深く息を吐きながらおれは天を仰いだ。幸せで、たわいない時間だった。まったくこれだから人間の生活というやつは。誰に対してでもなく心の内で呟く。
こんなふうに、些細なことでふたりで笑ったり困ったり照れたり、たまにせつなくなってみたりなんて日々を、おれ達が一体あとどれくらい続けていけるのか、その答えは誰も知らない。先の見えない未来は不安だ。それでもおれは森野と共に在りたくて、ここにいる。森野もまた同じようにおれと過ごす時間を慈しんでくれているというのが、言葉だけでなく声や表情や仕草のひとつひとつから痛いほどに伝わってくるものだから、たまらなかった。
西の空は最後の力を振り絞らんばかりに鮮やかに燃え、寂寥をはらんだ情熱的な光で街じゅうを包み込む。入道雲は完全に崩れてしまい、帯状になってゆっくりと空に溶けていく。

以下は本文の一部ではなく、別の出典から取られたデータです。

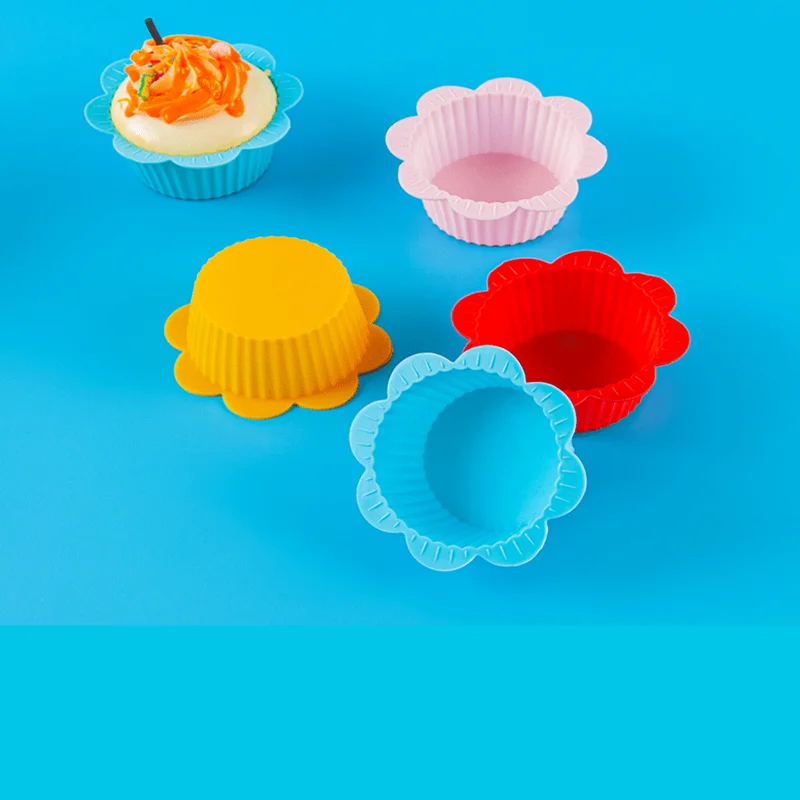 12 шт. силиконовые чашки для выпечки кексов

同じ色に染まり、柔らかな風に吹かれながら、サイダー片手に森野と並んで夏を見送っていられる喜びを、おれは噛みしめる。生活に特別な幸せはいらない。ささやかでいいのだ。どうかこの先もずっと、できるだけ長くふたりで。おれのクローゼットの中にはこいつの服が詰まったままでありますように。
消え入る前の炎のような世界に願いを託して、おれはこっそりと森野に寄り添った。袖と袖がかすかに擦れあう。太陽の縁がゆらめいている。名古屋の街の向こう側へ、またひとつ、愛しい今日が暮れていく。